How A £100 Optical Fiber Is Powering A Quantum Network Revolution

Scientists from the School of Engineering and Physical Sciences, Heriot-Watt University, have created a prototype quantum network. This network connects two smaller networks into a single, adaptable system. It can accommodate eight users and can route and teleport entanglement as needed. The study represents a significant advancement in the size, flexibility, and capabilities of quantum networks. The study was published in Nature Photonics.

Image Credit: Heriot-Watt University

Scientists have long envisioned a quantum internet, a global network for secure communication and advanced computation using the connections between light particles.  

Other teams had already demonstrated that you can build a single quantum network and send entanglement to many users at once. But this is the first time anyone has managed to link two separate networks together. It doesn’t just distribute entanglement in different ways, it actually lets one network talk to the other. This is a major milestone on the road to a real-world quantum internet.

Mehul Malik, Professor, School of Engineering and Physical Sciences, Heriot-Watt University

Using Light’s Chaos as a Resource

The Heriot-Watt prototype utilizes an off-the-shelf optical fiber, costing under £100, as its core component.

The team utilized the light scattering properties within the optical fiber to program their reconfigurable entanglement router.

Dr Natalia Herrera Valencia, lead author of the study, notes, “Light tends to ricochet chaotically through the fibers’ hundreds of internal pathways.

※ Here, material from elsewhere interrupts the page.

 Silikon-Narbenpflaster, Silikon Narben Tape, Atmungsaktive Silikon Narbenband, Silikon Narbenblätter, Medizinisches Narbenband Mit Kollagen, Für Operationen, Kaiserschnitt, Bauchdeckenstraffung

We turned that chaos into a resource.”

The outcome is a reconfigurable multi-port device capable of distributing quantum entanglement among users in various configurations. It can switch between local connections, global connections, and mixed configurations as needed.

The system can multiplex these channels, enabling simultaneous service to multiple users, unlike previous systems that served one pair at a time. This multiplexing concept, similar to classical telecoms, allows for the transmission of multiple quantum channels within a single fiber.

The team demonstrated multiplexed entanglement teleportation, swapping entanglement between four distant users across two channels concurrently. This surpasses previous demonstrations in terms of the number of simultaneous users and the flexibility of the architecture.

By shaping the light at the input, we effectively programmed the fiber, transforming its messy internal scattering into a powerful, high-dimensional optical circuit. That lets us route quantum entanglement wherever we want, even teleport it, using this deceptively simple piece of fiber.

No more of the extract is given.